Un étrange concours de circonstances voulut que plusieurs choses surviennent en même temps la dernière nuit d’été. Ravna avait conduit les enfants dans la campagne qui entourait le Château du Vaisseau. Il n’y avait là ni agglomérations ni signe d’industrie préspatiale. Rien qui pût occulter les cieux à l’exception d’une subtile lueur rosée, au nord, qui aurait pu passer pour un crépuscule attardé ou, peut-être, une aurore boréale. Ravna prit une inspiration profonde. Il n’y avait pas le moindre reste de cendre dans l’air frais et sec, qui annonçait déjà l’hiver.

— La neige t’arrivera aux épaules, Ravna ! s’écria Jefri avec enthousiasme. Tu aimeras ça, tu verras.

La tache pâle de son visage semblait scruter, elle aussi, le ciel.

— Ce n’est pas toujours marrant, la neige, fit Johanna Olsndot.

Elle n’avait pas protesté quand son frère avait insisté pour qu’elle vienne ici, mais Ravna savait qu’elle aurait préféré rester dans l’île Cachée pour préparer la journée du lendemain.

Comprenant son embarras, Jefri – ou plutôt non, c’était Amdi qui parlait, maintenant… ces deux-là ne guériraient jamais de leur manie de se faire passer l’un pour l’autre – déclara d’une voix douce :

— Ne t’en fais pas, sœurette. On t’aidera.

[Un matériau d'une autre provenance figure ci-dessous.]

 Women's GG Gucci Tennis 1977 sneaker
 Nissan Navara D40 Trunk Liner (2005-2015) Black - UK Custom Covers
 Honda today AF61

Ils restèrent un bon moment sans rien dire. Ravna se tourna vers le bas de la colline. Il faisait trop sombre, à présent, pour voir le fjord et les îles, six cents mètres plus bas. Mais les torches des remparts de l’île Cachée indiquaient l’emplacement du château. Dans la vieille cour intérieure d’Acier, sur laquelle régnait maintenant le Sculpteur, ils avaient réuni tous les cryosarcophages du vaisseau qui fonctionnaient encore. Cent cinquante et un enfants attendaient d’être réveillés. C’étaient les derniers survivants de Straum. Johanna affirmait qu’on pouvait en sauver la majeure partie en agissant immédiatement. La reine était enthousiaste à cette idée. De larges sections du château avaient été spécialement réaménagées pour accueillir les enfants. L’île Cachée était parfaitement abritée du vent, sinon de la neige de l’hiver. S’ils revivaient, les enfants n’auraient aucun mal à s’adapter ici. Ravna adorait Jefri, Johanna et Amdi, mais pourrait-elle s’occuper de cent cinquante et un enfants supplémentaires ? Le Sculpteur n’avait aucune réticence. Elle avait prévu la construction d’une école où les Dards apprendraient à connaître les humains et inversement. En observant Amdi et Jefri, Ravna avait une idée de ce qui pourrait sortir d’un tel projet. Ces deux-là étaient plus proches l’un de l’autre que tous les autres enfants qu’elle avait jamais connus, et leurs compétences s’additionnaient. Il ne s’agissait pas seulement du don qu’avaient les chiots pour les maths. Leurs compétences s’étendaient à beaucoup d’autres domaines.

Les humains et les meutes allaient très bien ensemble, et le Sculpteur avait l’intelligence de vouloir exploiter la chose. Ravna aimait beaucoup la reine, et elle aimait encore plus Pérégrin. Mais ce seraient les meutes, au bout du compte, qui bénéficieraient le plus de cette association. Le Sculpteur comprenait sans peine les limitations de sa race.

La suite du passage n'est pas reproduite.